Grafico 4: aliquota fiscale media IRPEF e CPS per quintili di reddito. Fonte: FMI


La Cina dice “No” ad un welfare grande e preponderante

La "prosperità comune" ha suscitato aspettative su una grande espansione del welfare, ma la Cina non intende cadere in questa trappola. Poco dopo il discorso di Xi Jinping ad agosto, un alto funzionario del partito ha chiarito che "prosperità comune" non significa "uccidere i ricchi per aiutare i poveri". Coloro che "si arricchiscono prima" dovrebbero aiutare coloro che sono dietro, ma "la strada definitiva verso la prosperità comune è lavorare sodo insieme". Lo stesso funzionario ha detto chiaramente che la Cina deve "guardarsi dal cadere nella trappola dell'assistenzialismo" e "non sosterrà i pigri".

Anche la Cina non vuole far deragliare il settore privato, consapevole che è il suo motore di crescita ed occupazione. Sottolinea che le politiche di regolamentazione e le repressioni prendono di mira comportamenti illegali e non sono rivolte a società private o straniere, mentre le donazioni di beneficenza saranno incoraggiate con incentivi fiscali. L'agenzia di stampa nazionale, Xinhua, non ha girato intorno all'argomento quando ha concluso che "la prosperità comune non è egualitarismo; non è in alcun modo derubare i ricchi per aiutare i poveri, come frainteso da alcuni media occidentali".


Conclusioni

Gli analisti mainstream che sperano che la Cina seguirà la strada occidentale dei welfare state preponderanti rischiano di rimanere delusi. Secondo i leader cinesi, la nuova spinta verso la "prosperità comune" non riguarda la ridistribuzione egualitaria del reddito, ma la fornitura di migliori opportunità economiche e sociali per i gruppi a basso e medio reddito. Reprimere redditi alimentati dal clientelismo e derivanti da rendite monopolistiche può rafforzare il funzionamento dei mercati.

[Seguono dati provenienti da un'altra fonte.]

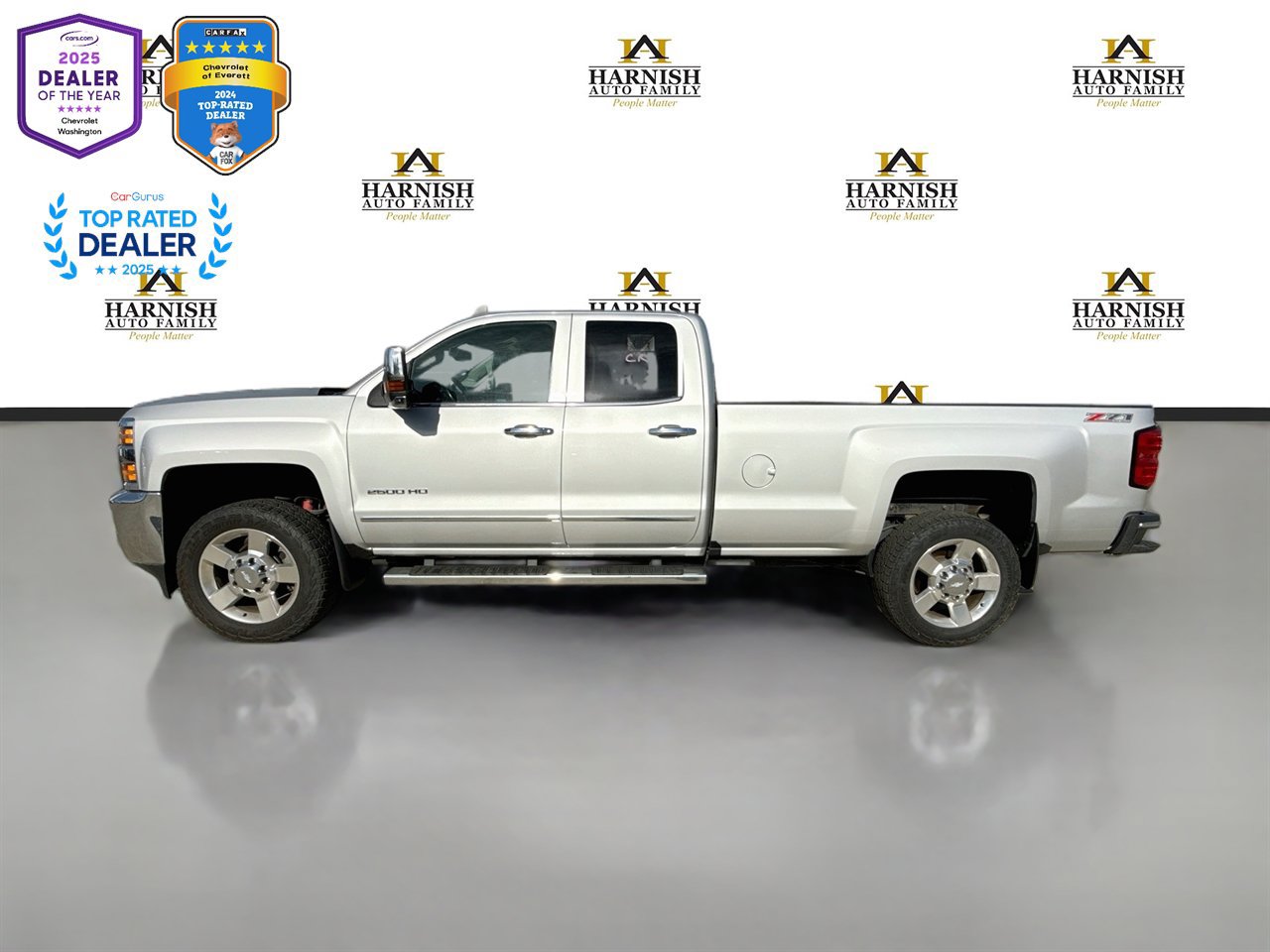 Used 2017 Chevrolet Silverado 2500 LTZ w/ Vortec Plus Package AWD/4WD image 2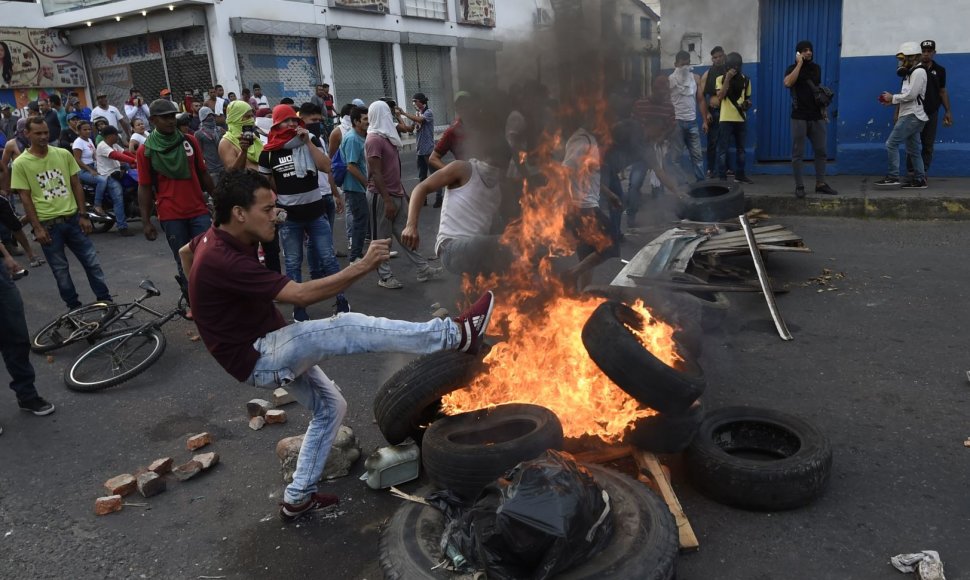 Venesuelos pasienyje per protestą kilo susirėmimai su pareigūnais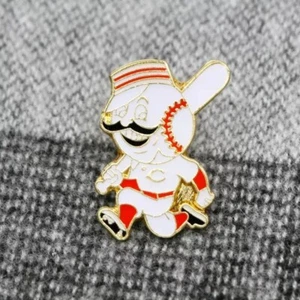 Cincinnati Reds MLB Enamel Pin Baseball Collectible Lapel Hat Backpack - Picture 1 of 3
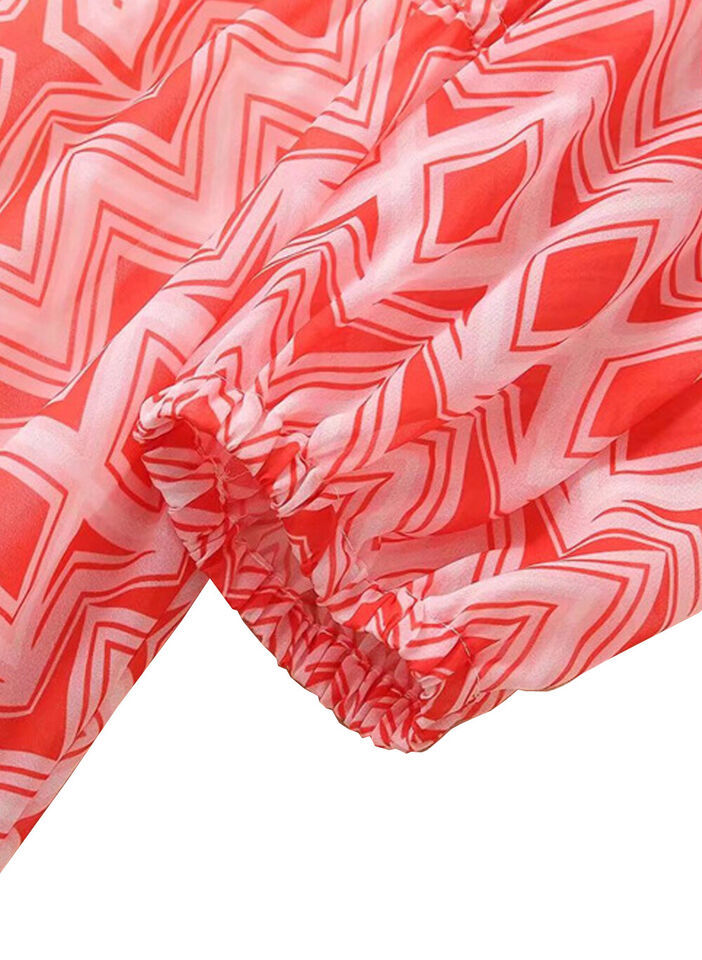Celeb Paris Hilton Inspired Geo Printed Elbow Sleeve Fit-and-Flare Tiered Dress Item image 8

C'è sempre un divario tra le parole ed i fatti, ma una cosa è chiara: per mantenere alti i tassi di crescita e raggiungere l'Occidente, la Cina non può ripetere l'errore di quest'ultimo e costruire sistemi di welfare gonfiati che schiacciano la crescita economica. Questo è un punto fondamentale dato che il settore delle grandi imprese statali in Cina è già una delle principali fonti di inefficienza economica.